• Exercise directions: Give again only the lines from the line that holds "cam show schedule of iam_rona" to the end of the data, inclusive, omitting all pictures.

• Material shown:
■ ■ ■ ■ ■ ■ ■
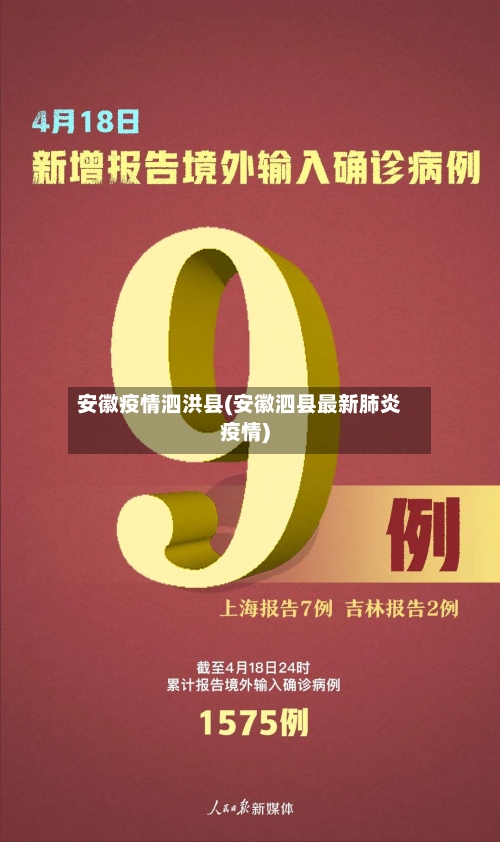安徽疫情泗洪县(安徽泗县最新肺炎疫情)-第3张图片
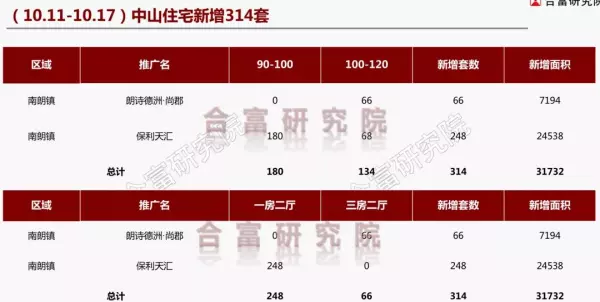 中山公寓楼盘价格(17)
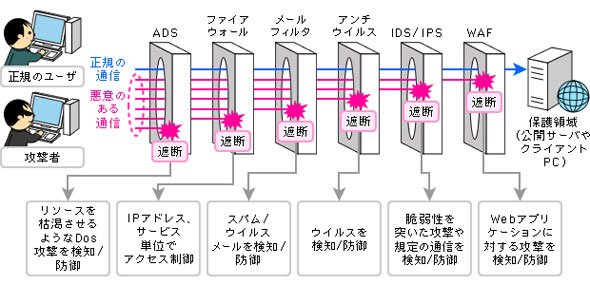 図1 データセンターが提供するネットワークセキュリティサービスの提供箇所と役割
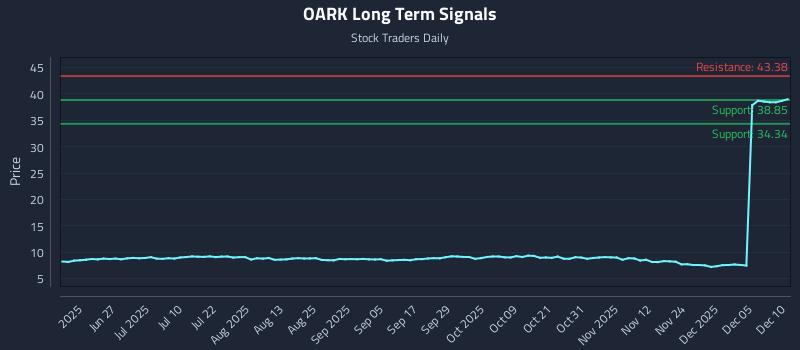 OARK Long Term Analysis for December 11 2025 OARK Long Term Analysis for December 11 2025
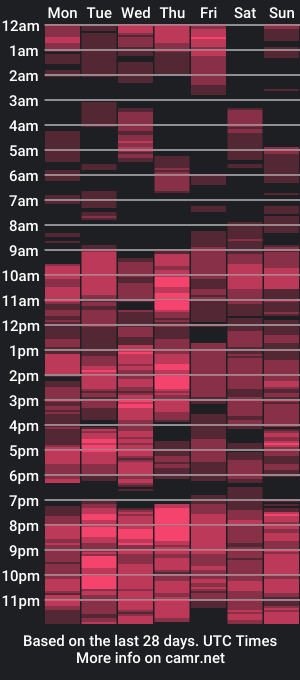 cam show schedule of iam_rona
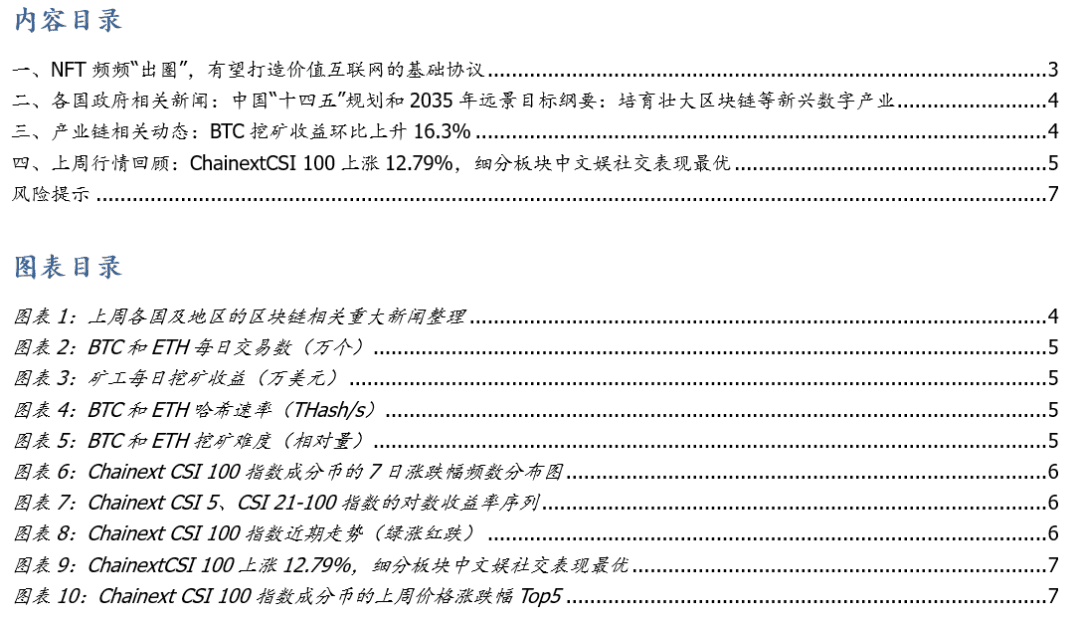 NFT将成为价值互联网的基础协议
■ ■ ■ ■ ■ ■ ■
• Problem solution:
 cam show schedule of iam_rona
 NFT将成为价值互联网的基础协议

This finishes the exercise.